Characterization of a prolactin-synthesizing rat pituitary cell line immortalized by the temperature-sensitive mutant SV40.

A prolactin (PRL) synthesizing rat anterior pituitary (AP) cell line named tAP-CLC-2 was established by transformation with mutant temperature-sensitive A (tsA) simian virus 40 (SV40). The transformed cells were temperature-sensitive for morphology, cell propagation, and expression of phenotypic genes. Monolayer primary rat AP cells were transfected with a mutant SV40 (tsA 205) at 10 times the multiplicity of infection (MOI) at 34 degrees C. After cell clones formed, each clone was isolated and transferred to separate flask until sufficient cells were grown for freezing and characterization. At the permissive temperature (34 degrees C), these cells were spindle-shaped and grew rapidly like tumor cells.
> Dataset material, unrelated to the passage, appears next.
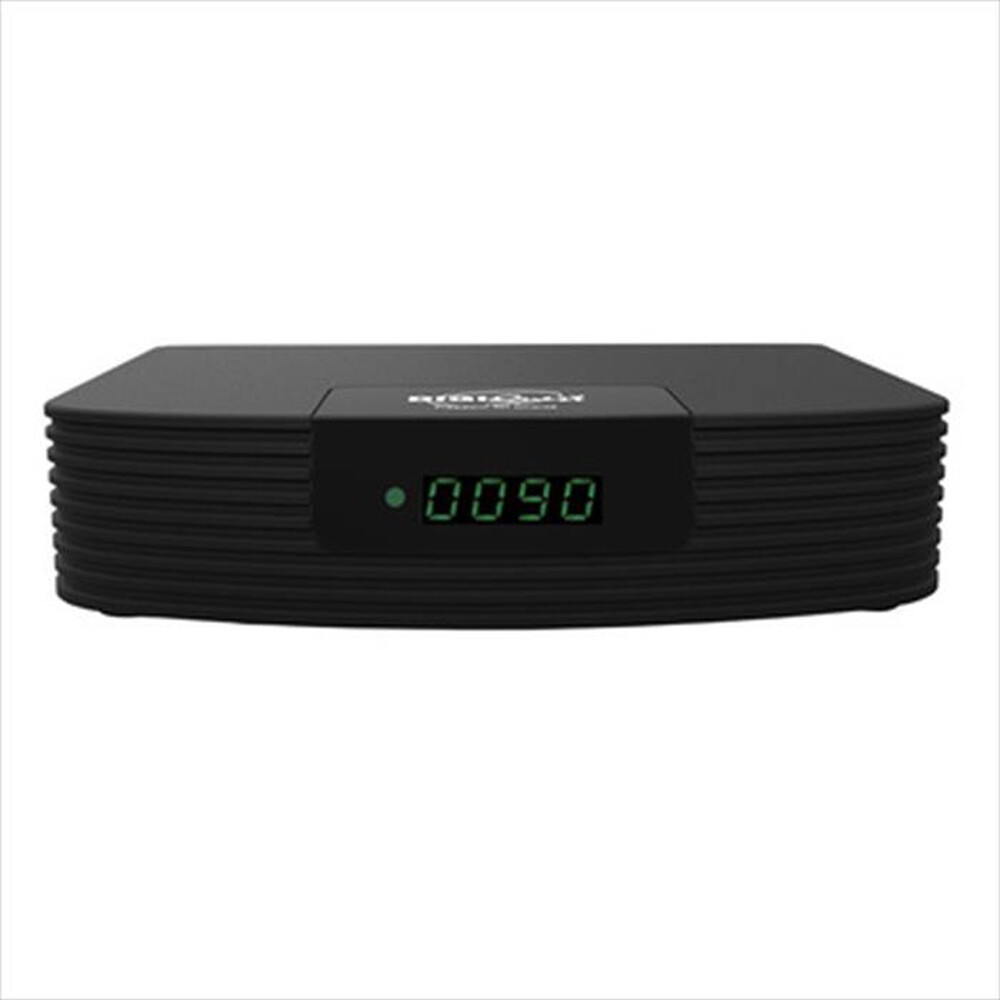 Immagine del prodotto DIGIQUEST - 990REC-Nero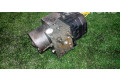Блок АБС 0273004489   Mitsubishi  Space Star  1998 - 2005 года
However, at the nonpermissive temperature (40 degrees C), the cells exhibited a rounded shape and ceased to propagate because the gene for maintenance of transformation was not expressed. Cell extracts from the cell line tAP-CLC-2 showed an inhibition curve parallel to that of normal rat pituitary cell extracts in a PRL radioimmunoassay (RIA). The gel filtration profile of immunoassayable PRL obtained from fast performance liquid chromatography (FPLC) showed that tAP-CLC-2 cell extract exhibited a PRL peak coincidental with primary rat pituitary cell extracts. Western blot showed that cell extracts from the tAP-CLC-2 cell line and from normal rat pituitary glands shared a similar, major immunoreactive PRL band. The tAP-CLC-2 cell line was responsive to estradiol (E 2; 10(-7) M), progesterone (10(-8) M), and gonadotropin-releasing hormone (GnRH; 10(-9) M) treatments. These hormonal treatments increased (p < 0.05) cell PRL content. Interestingly, treatment with a high dose (10(-7) M) of ovine luteinizing hormone (oLH) also increased (p < 0.05) PRL content in the cell line; a low dose (10(-9) M) of oLH did not. The cell line appeared to synthesize growth hormone (GH) as well. These results indicate this cell line has properties shared by primary AP cells and can provide a unique model for the study of the synthesis and gene regulation of PRL in vitro.